On ne saurait trop l'honorer, la brigade des marins, de laquelle on a écrit officiellement: Aucune troupe, à aucune époque, n'a fait ce qu'ils ont fait. Et voici un passage de la lettre que, le jour de sa dislocation, le général Hély d'Oissel, après en avoir passé la revue suprême, écrivait au capitaine de vaisseau Paillet, qui la commandait alors,—lettre qui fut lue à tous les matelots sur les rangs et leur mit aux yeux de bonnes larmes:

«…Je serais heureux de conserver cet état (la liste effroyable des morts, officiers, sous-officiers et marins) comme un témoignage éloquent et éclatant des services immenses qu'a rendus au pays cette admirable brigade, que l'armée de terre est si fière d'avoir eue dans ses rangs, et que je suis si fier, moi, d'avoir eue sous mes ordres pendant plus d'une année de guerre.

»Ce matin, quand j'ai vu défiler si allègrement et si correctement vos magnifiques marins, je n'ai pu me défendre d'une émotion poignante, en me disant que c'était la dernière fois.»

En effet, c'est bien là, dans les marécages sanglants de l'Yser, qu'est venue se briser pour la seconde fois, et définitivement, la ruée des barbares. Les deux grands échecs décisifs du misérable Empereur aux mains rouges furent, comme on sait, la retraite de la Marne, et puis cet arrêt en Belgique devant une toute petite poignée de marins aux ténacités surhumaines.

Et on ne les avait pas choisis, ces sublimes entêtés, non, ils étaient les premiers venus, désignés en hâte dans nos ports. Ils n'étaient même pas partis pour se battre, mais pour faire tranquillement la police dans les rues de Paris. Et de Paris, un beau jour, comme le péril était extrême, on les avait expédiés vers l'Yser, sans préparation, à peine équipés, ayant tout juste des vivres, en leur disant seulement: «Faites-vous tuer, mais que la Bête allemande ne passe pas! A n'importe quel prix, tenez tête au moins une semaine, jusqu'à ce qu'on ait le temps d'arriver à la rescousse.» Or, ils ont tenu, on s'en souvient, presque indéfiniment, au milieu d'un véritable enfer de feu, de mitraille, de fracas, de décombres croulants, de froid, de pluie, d'enlisement dans la boue. Et c'est du jour où le choc de la Bête a été amorti par eux, que la France s'est sentie vraiment sauvée.

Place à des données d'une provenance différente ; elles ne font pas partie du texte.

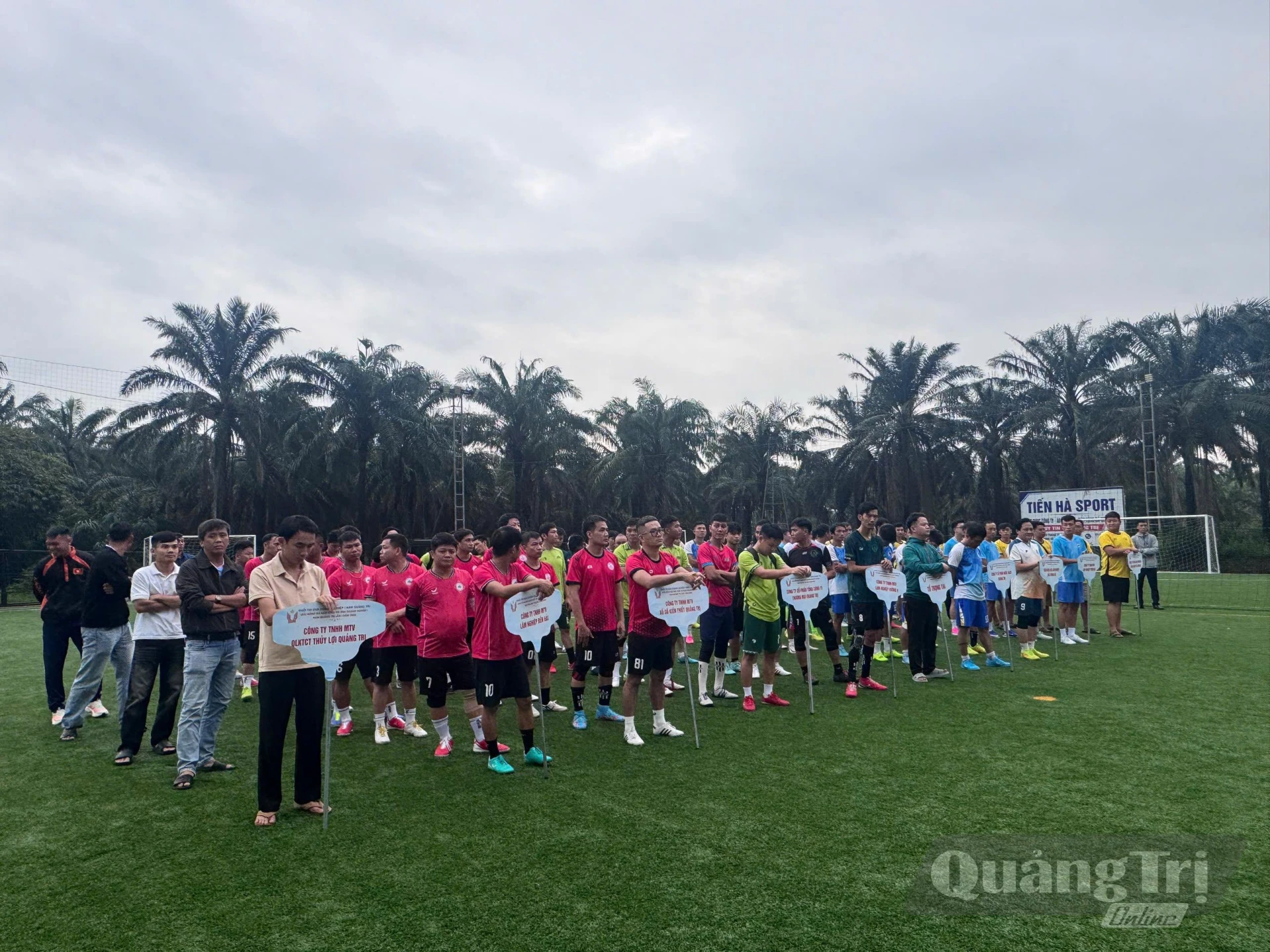 Giải đấu quy tụ 9 đội bóng đến từ 10 đơn vị thuộc Khối thi đua Doanh nghiệp I Nam Quảng Trị - Ảnh: LO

La plupart du temps, d'ailleurs, il semble qu'il suffise de prendre des braves garçons quelconques et de leur mettre un col bleu pour en faire des héros. Pendant la guerre de Chine, entre autres exemples, n'ai-je pas vu de tout près la même chose: une petite poignée d'hommes pris au hasard à bord de nos navires, commandés par de très jeunes officiers à peine galonnés, et ce hâtif assemblage, devenu soudain un tout admirable, uni, discipliné, ardent et sans peur, capable de réaliser, du jour au lendemain, des prodiges d'endurance et d'audace.

Oh! cette brigade de l'Yser, avec laquelle j'ai failli partir! J'avais beaucoup intrigué, je l'avoue, pour m'y faire attacher, et je touchais au but quand un obstacle, que je n'aurais jamais su prévoir, m'en a écarté si inexorablement. Avoir dû y renoncer, quand je m'en étais vu si près, restera pour moi, jusqu'à la fin de ma vie, un regret cuisant et cruel… Au moins, que je m'en console un peu en payant mon tribut d'admiration à ceux qui y étaient; au moins que j'aie cette petite joie de travailler à glorifier leur mémoire. Je demande donc ici pour eux,—et ce n'est pas en mon nom seul, car plusieurs de mes camarades de la marine s'associent à ma prière, des camarades qui n'en étaient pas non plus et dont le désintéressement ne saurait par suite être suspecté,—je demande ici pour eux, et presque avec confiance, bien que le règlement peut-être me donne tort, cette consécration dix fois méritée, qui ne peut porter ombrage à personne: que l'on attache un bout de ruban rouge à leur drapeau!